South Korean newscasts, such as this one, led programs Friday with the latest chapter in a growing campaign financing scandal.
President Roh Moo-hyun's former campaign chief was splashed across television screens as he was arrested and led away under the glare of dozens of cameras.
Chyung Dai-chul, who denied any wrongdoing, is in custody, accused of taking more than a half million dollars in bribes from construction companies.
He is by no means the only high-profile official under investigation or detained for illegally funding the 2002 presidential campaign.
Several of President Roh's former aides and allies were indicted last month.
The opposition has not escaped scrutiny. Son Kil-seung, head of the huge SK conglomerate, is accused of giving the opposition Grand National Party more than $8 million in illegal contributions.
Mr. Son said he will cooperate fully with prosecutors.
Seven opposition lawmakers have also been targeted in the probe, prompting the Grand National Party to say the government investigation is biased.
Choe Byung-yul, GNP chairman, says the probe is politically motivated and prosecutors are trying to influence the upcoming April parliamentary elections.

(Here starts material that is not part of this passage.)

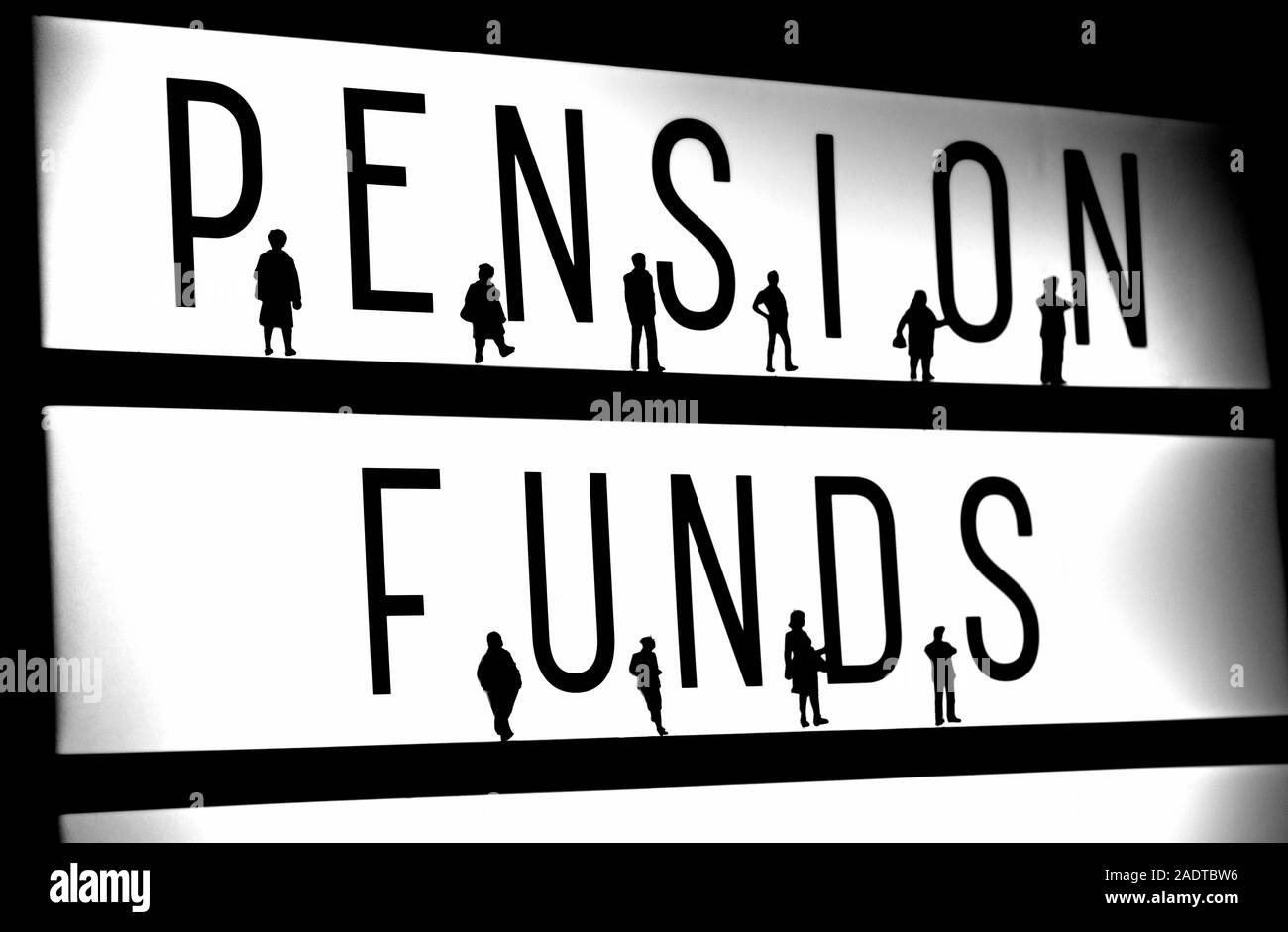 Miniatures debout devant le concept de fonds de pension mots Banque D'Images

Opposition complaints have led to the appointment of an independent counsel to conduct a second probe, which is just getting underway.
The man President Roh defeated in 2002, the GNP's Lee Hoi-chang, has admitted to taking $43 million in illegal campaign contributions and says he is ready to go to prison.
Mr. Roh, who denies any personal wrongdoing, has said he would resign if the probe proves his party took more than a tenth of what was accepted by the opposition.